EXERCISE GOAL:
Each record should be written out exactly as it stands.

====

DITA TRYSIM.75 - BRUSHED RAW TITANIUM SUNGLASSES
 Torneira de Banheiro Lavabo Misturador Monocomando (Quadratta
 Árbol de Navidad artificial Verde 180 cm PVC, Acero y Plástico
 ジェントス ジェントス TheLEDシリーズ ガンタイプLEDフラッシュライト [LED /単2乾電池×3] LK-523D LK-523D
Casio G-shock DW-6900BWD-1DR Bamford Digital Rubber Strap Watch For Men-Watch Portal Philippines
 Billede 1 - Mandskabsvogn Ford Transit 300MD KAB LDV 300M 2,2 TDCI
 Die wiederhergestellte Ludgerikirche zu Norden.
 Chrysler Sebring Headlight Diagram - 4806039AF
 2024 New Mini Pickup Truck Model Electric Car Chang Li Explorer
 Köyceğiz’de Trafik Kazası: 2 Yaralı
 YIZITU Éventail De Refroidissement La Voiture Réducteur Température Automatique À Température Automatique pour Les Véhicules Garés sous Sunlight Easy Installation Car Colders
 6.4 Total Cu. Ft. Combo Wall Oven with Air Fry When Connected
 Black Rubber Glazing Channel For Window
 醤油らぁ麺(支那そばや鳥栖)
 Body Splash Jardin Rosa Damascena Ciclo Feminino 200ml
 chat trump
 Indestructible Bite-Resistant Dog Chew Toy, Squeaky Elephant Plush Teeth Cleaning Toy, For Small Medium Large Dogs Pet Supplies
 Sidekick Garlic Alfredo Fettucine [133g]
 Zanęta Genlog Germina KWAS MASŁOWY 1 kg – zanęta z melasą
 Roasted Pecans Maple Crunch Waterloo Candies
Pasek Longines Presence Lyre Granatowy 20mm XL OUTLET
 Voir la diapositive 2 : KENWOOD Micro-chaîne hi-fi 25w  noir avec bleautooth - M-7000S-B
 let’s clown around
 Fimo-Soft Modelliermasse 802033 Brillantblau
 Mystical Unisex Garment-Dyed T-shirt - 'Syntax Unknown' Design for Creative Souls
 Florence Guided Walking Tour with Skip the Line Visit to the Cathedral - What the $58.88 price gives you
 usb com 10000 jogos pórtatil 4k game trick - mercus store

====

SOLUTION FOR THIS PROBLEM:
DITA TRYSIM.75 - BRUSHED RAW TITANIUM SUNGLASSES
 Torneira de Banheiro Lavabo Misturador Monocomando (Quadratta
 Árbol de Navidad artificial Verde 180 cm PVC, Acero y Plástico
 ジェントス ジェントス TheLEDシリーズ ガンタイプLEDフラッシュライト [LED /単2乾電池×3] LK-523D LK-523D
Casio G-shock DW-6900BWD-1DR Bamford Digital Rubber Strap Watch For Men-Watch Portal Philippines
 Billede 1 - Mandskabsvogn Ford Transit 300MD KAB LDV 300M 2,2 TDCI
 Die wiederhergestellte Ludgerikirche zu Norden.
 Chrysler Sebring Headlight Diagram - 4806039AF
 2024 New Mini Pickup Truck Model Electric Car Chang Li Explorer
 Köyceğiz’de Trafik Kazası: 2 Yaralı
 YIZITU Éventail De Refroidissement La Voiture Réducteur Température Automatique À Température Automatique pour Les Véhicules Garés sous Sunlight Easy Installation Car Colders
 6.4 Total Cu. Ft. Combo Wall Oven with Air Fry When Connected
 Black Rubber Glazing Channel For Window
 醤油らぁ麺(支那そばや鳥栖)
 Body Splash Jardin Rosa Damascena Ciclo Feminino 200ml
 chat trump
 Indestructible Bite-Resistant Dog Chew Toy, Squeaky Elephant Plush Teeth Cleaning Toy, For Small Medium Large Dogs Pet Supplies
 Sidekick Garlic Alfredo Fettucine [133g]
 Zanęta Genlog Germina KWAS MASŁOWY 1 kg – zanęta z melasą
 Roasted Pecans Maple Crunch Waterloo Candies
Pasek Longines Presence Lyre Granatowy 20mm XL OUTLET
 Voir la diapositive 2 : KENWOOD Micro-chaîne hi-fi 25w  noir avec bleautooth - M-7000S-B
 let’s clown around
 Fimo-Soft Modelliermasse 802033 Brillantblau
 Mystical Unisex Garment-Dyed T-shirt - 'Syntax Unknown' Design for Creative Souls
 Florence Guided Walking Tour with Skip the Line Visit to the Cathedral - What the $58.88 price gives you
 usb com 10000 jogos pórtatil 4k game trick - mercus store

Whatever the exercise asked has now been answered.